Leaving out the pictures, reproduce each record exactly and in full.
---------- Provided data ----------
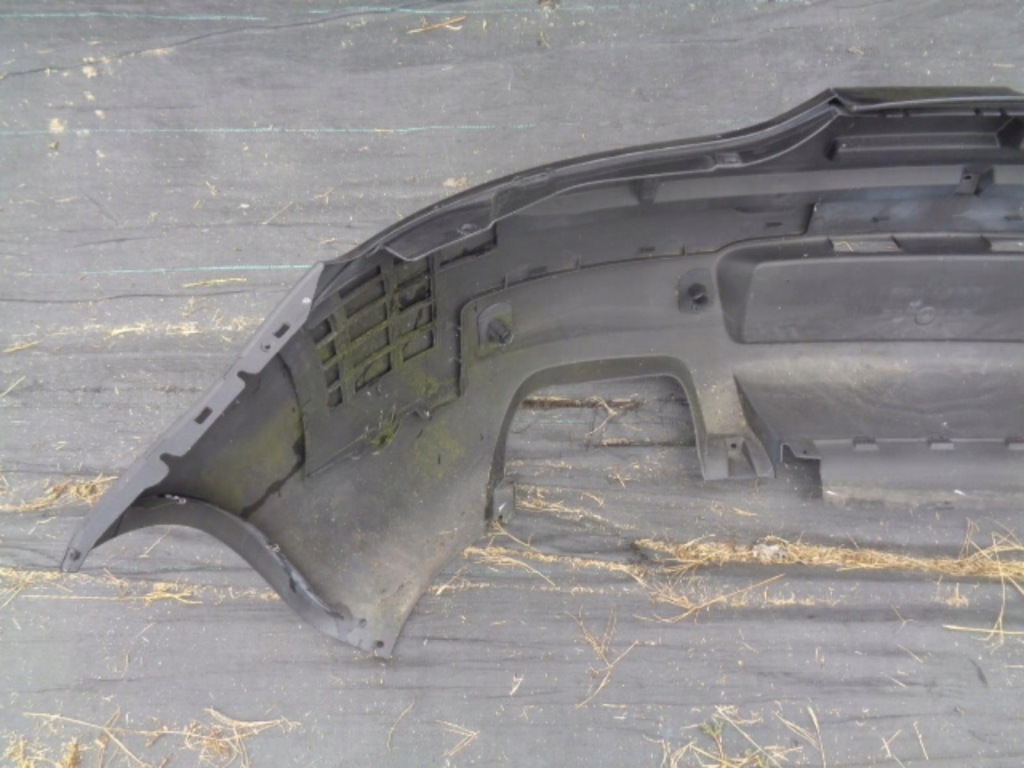 фото №11, Alfa romeo brera 05- бампер задня задній задній oyrg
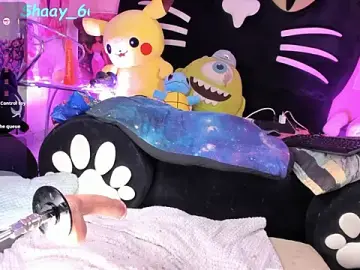 Stripchat Live Sex Cam of Shayybaby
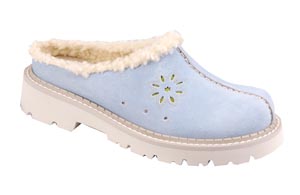 Men's Classic Shoe - Navy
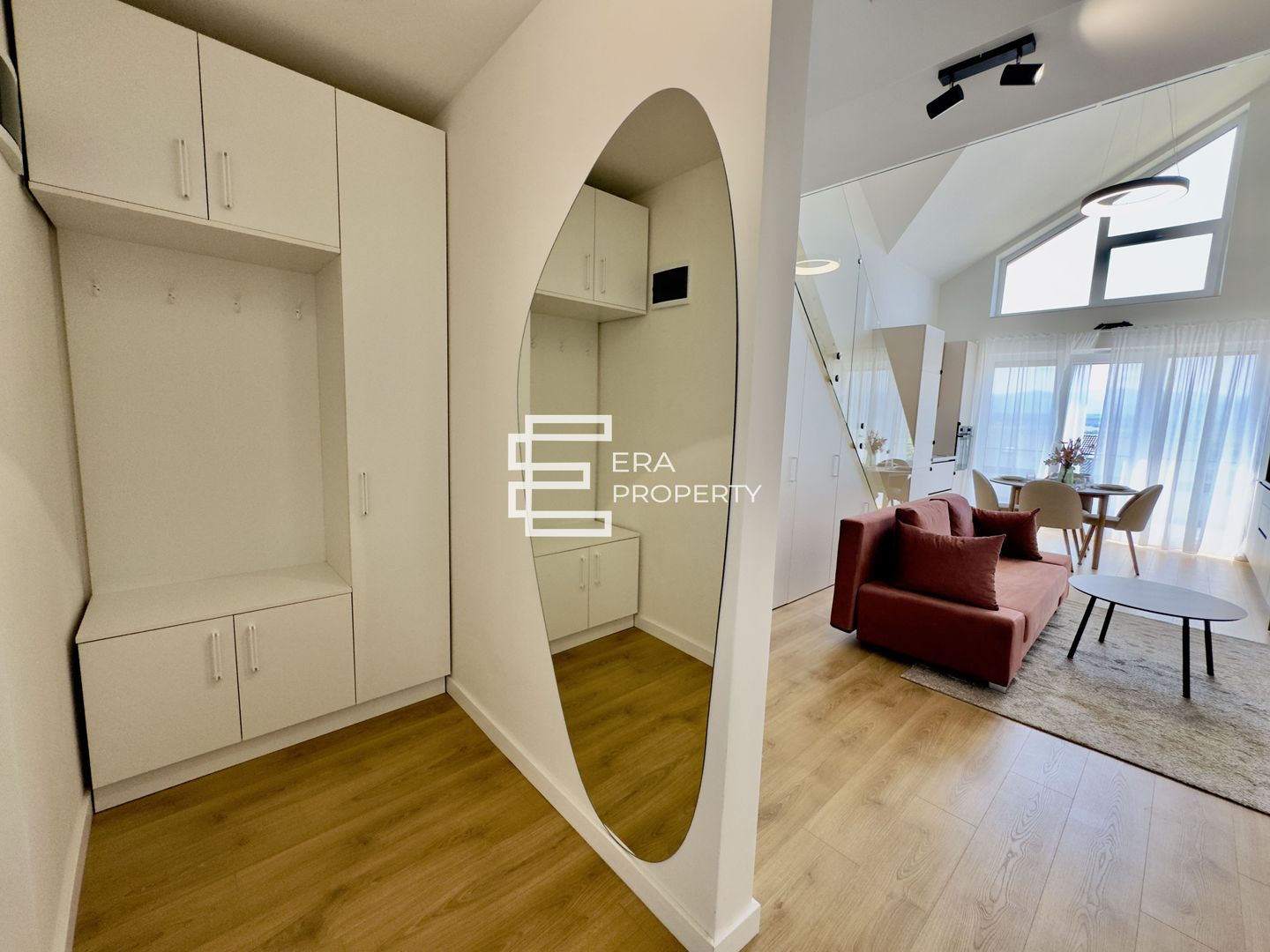 Penthouse 3 camere- 107 mp utili-terasa 18mp - DaVinci Homes - Poză 10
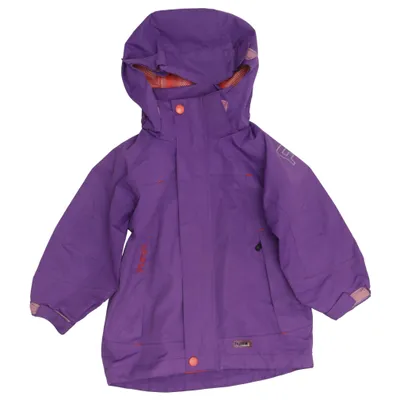 Ski-jas (Lila) van Funk Polyester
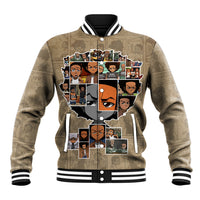 Huey Freeman Baseball Jacket African American - Wonder Print Shop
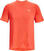 Fitness koszulka Under Armour Men's UA Tech Reflective Short Sleeve After Burn/Reflective 2XL Fitness koszulka
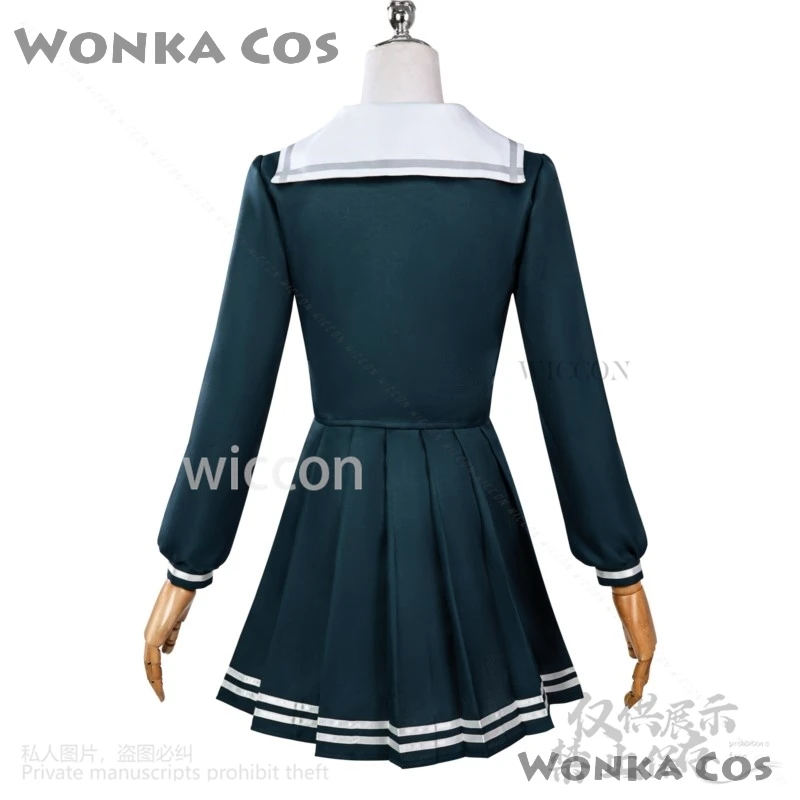 Вакба Муцуми Косплей Аниме БанГ Мечта! It's MyGO Костюм JK Школьная форма Платье Cos Хэллоуин Рождественская вечеринка по индивидуальному заказу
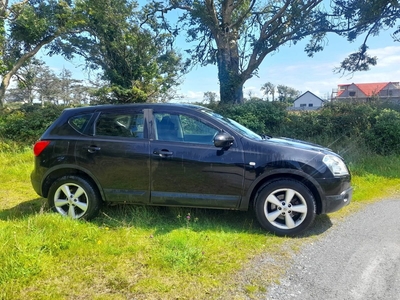 2009 - Nissan Qashqai ---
----------
* **Reply**
 фото №11, Alfa romeo brera 05- бампер задня задній задній oyrg
 Stripchat Live Sex Cam of Shayybaby
 Men's Classic Shoe - Navy
 Penthouse 3 camere- 107 mp utili-terasa 18mp - DaVinci Homes - Poză 10
 Ski-jas (Lila) van Funk Polyester
 Huey Freeman Baseball Jacket African American - Wonder Print Shop
 Fitness koszulka Under Armour Men's UA Tech Reflective Short Sleeve After Burn/Reflective 2XL Fitness koszulka
 Вакба Муцуми Косплей Аниме БанГ Мечта! It's MyGO Костюм JK Школьная форма Платье Cos Хэллоуин Рождественская вечеринка по индивидуальному заказу
 2009 - Nissan Qashqai ---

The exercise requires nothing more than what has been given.